L’exception Cranford Community College

Cranford Community College demeure pourtant une exception. Beaucoup d’établissements publics ne disposent pas des équipements nécessaires pour mettre leurs élèves au rugby. En face, les établissements privés redoublent de moyens.

Les Bleus ont pu l’expérimenter. L’équipe de France a préparé ses deux premiers matchs de Coupe du monde grâce aux infrastructures de la Trinity School, un établissement privé de Croydon, dans la banlieue sud de Londres. « Sur ce point-là, on a vraiment eu de la chance. On avait l’impression d’être dans un stade, pas dans une école », assure le pilier Vincent Debaty.

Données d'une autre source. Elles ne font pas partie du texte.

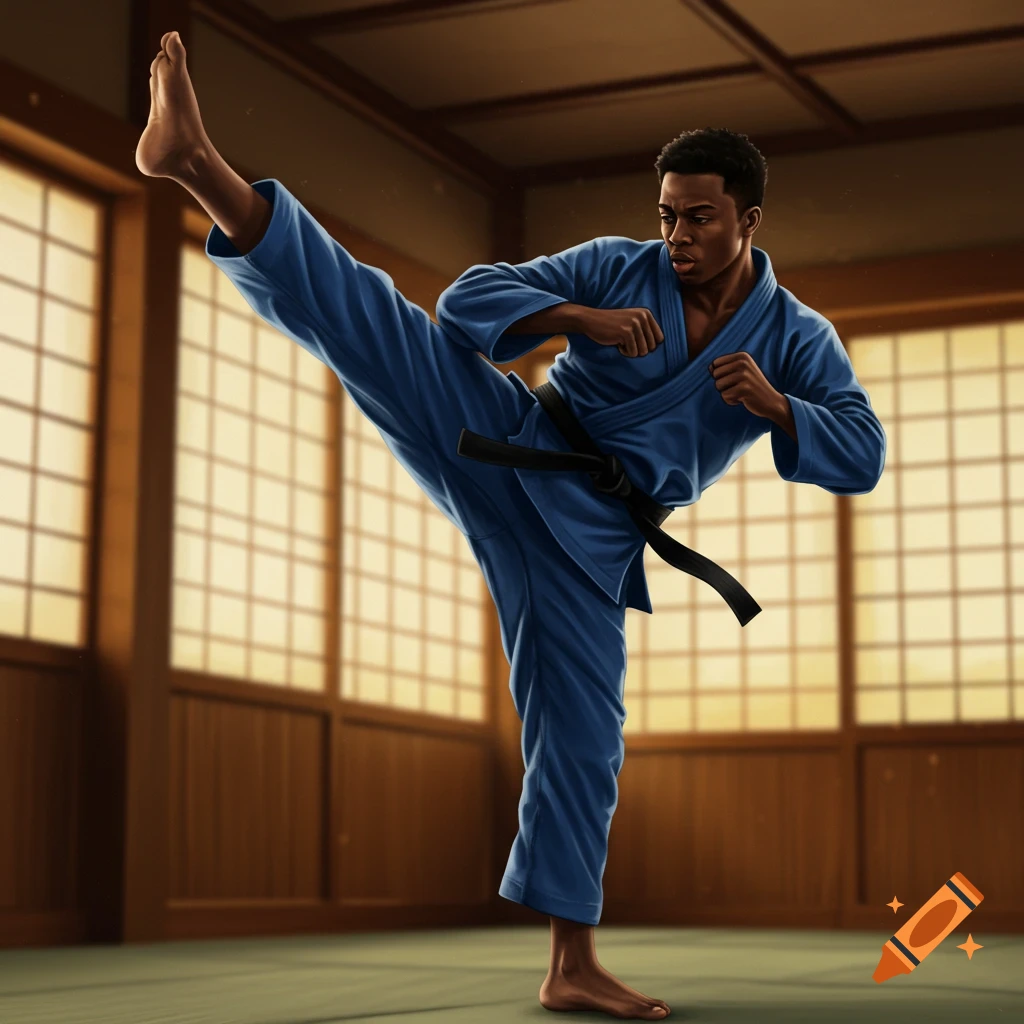 A young Black man in a blue gi with a black belt performs a high roundhouse kick in a dojo.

Dans le hall d’entrée, Matt Richbell en sourit d’aise. Le directeur du Trinity Sports Club, la section sportive de l’école, a assisté au discours d’adieu de Philippe Saint-André devant un millier d’élèves cravatés. En substance, le sélectionneur du XV de France a laissé entendre que leur terrain d’entraînement n’avait « rien à envier à celui de clubs du championnat de France », rapporte l’éducateur.

Il faut dire que son établissement consacre chaque année près d’1 million de livres (1,3 million d’euros) aux activités sportives, et notamment à sa vingtaine d’équipes de rugby, sur un budget annuel de 15 millions de livres. Difficile dans ces conditions de laisser une chance aux écoles publiques.